Pékin impose sa « pax sinica »
En une ou deux générations, la Chine a réussi à sortir de la pauvreté maoïste pour se hisser au rang de deuxième puissance économique mondiale. Au XIXe congrès, en octobre 2017, le secrétaire général du Parti communiste chinois (PCC), Xi Jinping, qui venait d’être consacré pour un deuxième mandat de cinq ans, a fixé la feuille de route d’ici 2050 : « prendre une place encore plus centrale sur la scène internationale. »
Bref, si l’on lit entre les lignes des discours jargonnants, il s’agit de dépasser les Etats-Unis et de façonner un nouvel ordre mondial où l’hégémonie américaine est remise en cause. Si les défis intérieurs sont nombreux – trouver un nouveau modèle économique, stimuler l’innovation, lutter contre la pollution et les inégalités –, les enjeux diplomatiques le sont tout autant.
C’est ce que montre l’ouvrage collectif dirigé par Alice Ekman, responsable des activités Chine au Centre Asie de l’Institut français des relations internationales (IFRI). Elle a réuni sept autres spécialistes francophones de l’ex-Empire du milieu. Et leurs huit contributions permettent un tour d’horizon complet sur les conséquences de l’engagement croissant de Pékin sur la scène internationale.
Adieu au « profil bas » de Deng Xiaoping
La Chine de Xi – dont le mandat est caractérisé par un « véritable activisme diplomatique », écrit Jean-Pierre Cabestan dans un chapitre consacré à la diplomatie de l’homme fort de Pékin – a dit adieu au « profil bas » prôné par Deng Xiaoping à la fin des années 1970 : la croissance économique a entraîné une puissance géopolitique, un « droit à la parole » affirmé de la puissance asiatique et des revendications territoriales assumées en mer de Chine. La modernisation de l’armée, marquée par une grande réforme lancée fin 2015, est au service de cette « renaissance chinoise », remarque Antoine Bondaz.

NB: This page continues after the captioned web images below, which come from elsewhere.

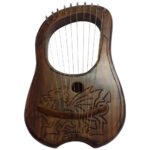 Lyre Harp 10 Metal Stings Engraved Welsh Dragon Design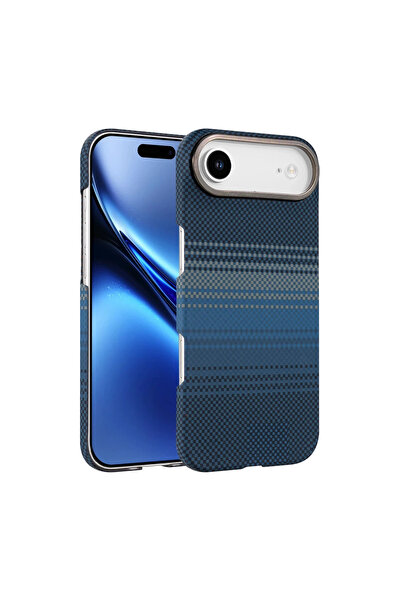 UnDePlus Apple iPhone 17 Air Kılıf Kevlar Desenli Karbon M-Safe Magnetik Şarj...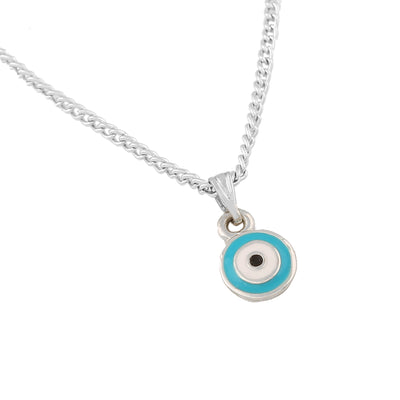 Estele Rhodium Plated Round-Shaped Evil Eye Charm Pendant for Girls/Women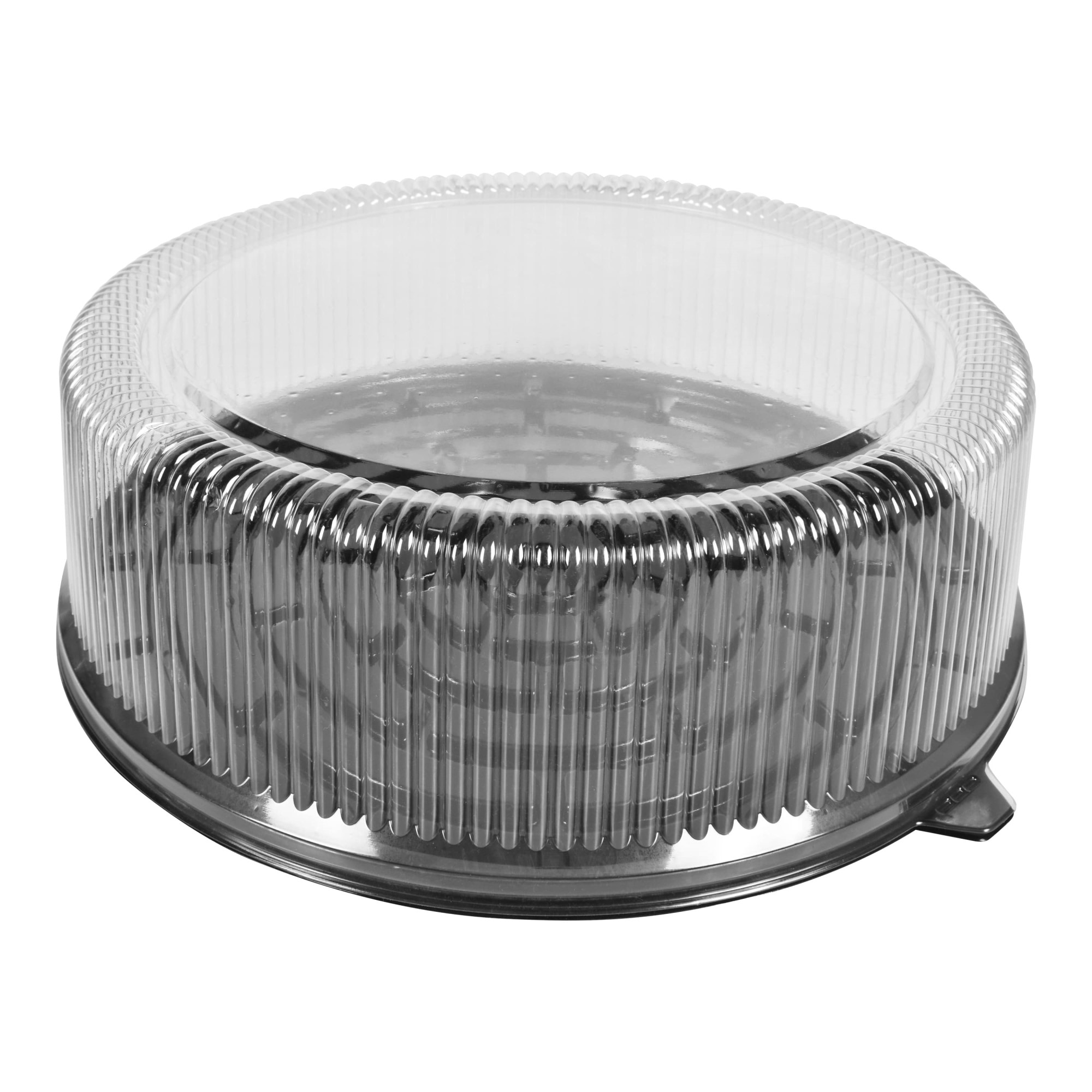 Domo para pastel extra grande, ideal para pasteles de 33cm de diametro y 10.5cm de alto, Transparentes Base Negra, 25 domos y 25 bases, DB12A WOW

Mais cette présence renforcée, avec la mise en avant des nouvelles routes de la Soie caractérisées par des investissements importants, entraîne aussi des devoirs nouveaux, comme celui d’assurer la protection de ses ressortissants, touristes ou ouvriers : ils seraient cinq millions. Et, pour Pékin, estime Mathieu Duchâtel, cela « pose une question de fond sur l’avenir du principe de non-ingérence, une ligne directrice qui guide la politique étrangère chinoise depuis sa formulation par Zhou Enlai au début des années 1950 ».
En tout cas, si la confrontation armée avec Washington n’est pas certaine, car Pékin aurait beaucoup à y perdre en raison de l’interdépendance économique entre les deux pays, le régime chinois cherche malgré tout à réorganiser la région Asie-Pacifique « de façon à dépasser la structure actuelle basée sur le système d’alliances américain », argumente Alice Ekman. Une « pax sinica » en quelque sorte, que pourrait faciliter l’isolationnisme du président américain Donald Trump.
« La Chine dans le monde », sous la direction d’Alice Ekman, CNRS Editions, 272 pages, 23 euros.